The result of the above is that competition's role in the NHS has been limited. With a limited role for competition comes a reduced role for the CMA in regulating mergers. Replacing competition as a key driver is collaboration. The CMA found no evidence to suggest that the parties made decisions based on competitive market forces and that similarly the proposed merger would not disrupt the incentives to compete with each other, as these had already dissipated.
Where does this leave the CMA and NHS mergers?
The decision is not a blanket permission to NHS Trusts and Foundation Trusts to pursue mergers at will. The decision is clear that the HSCA remains the core piece of legislating regulating how NHS Trusts and Foundation Trusts are to operate, and that they are still to operate in their own best interests. This means the CMA remains the regulatory authority with jurisdiction to decide on proposed mergers and that that jurisdiction has not been changed, reduced or otherwise altered.

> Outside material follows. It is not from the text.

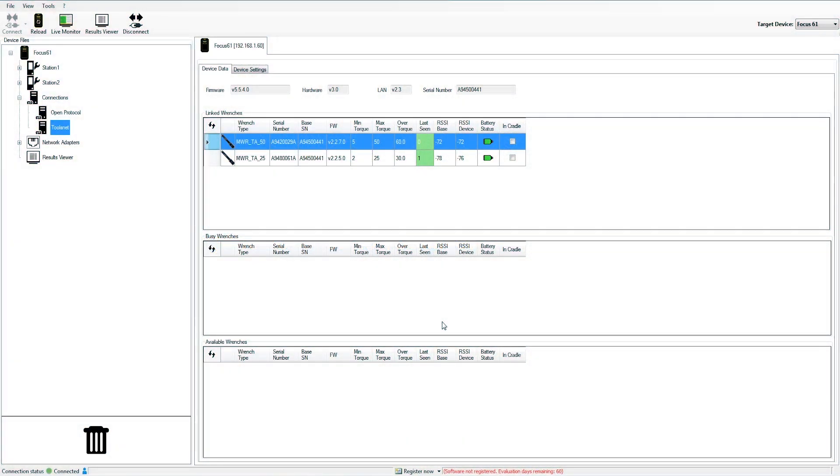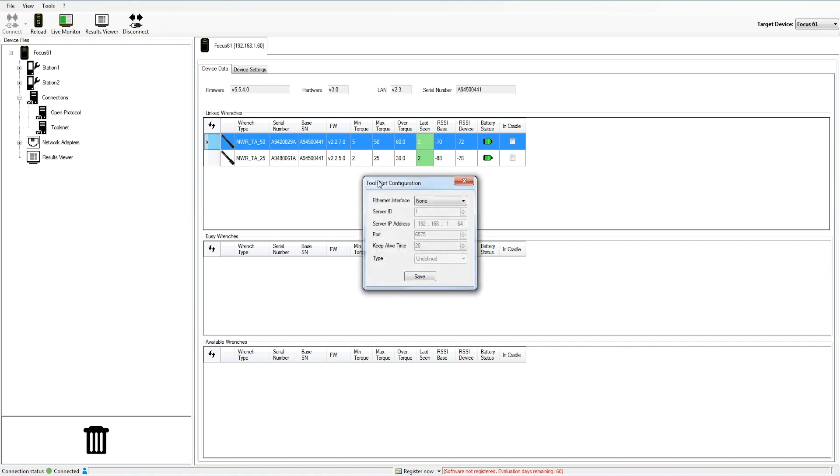In this video, we will learn how to set up a toolsnet connection from a Focus 61 controller. We have to simply click on toolsnet here and enable it on one of the available ports. In this case, it's port 1.2, which is the one we are currently using for our communication with toolstalk BLM, so we will have to disconnect toolstalk BLM.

However, the CMA also viewed the proposed merger through a practical lens, recognising the constraints the NHS was experiencing and that these constraints, although potentially transitory, would not end any time soon. It also recognised that NHSE had embarked upon policy endeavours which promoted collaboration and integration to such an extent that competition was, and would likely continue, to become a less important feature in NHS decision making. NHSE and NHSI told the CMA that the NHS is being moved further way from an individual market actor model. NHSE and NHSI had already proposed a number of changes, including removing NHS Foundation Trusts and Trusts from the scope of the Act and removing the current concurrent powers between the CMA and NHSI to review potentially anti-competitive conduct.
Although the timing of any of these changes is unknown, what is clear is that the CMA is already starting to step back from its regulatory role in relation to the NHS where practical constraints make it appropriate to do so.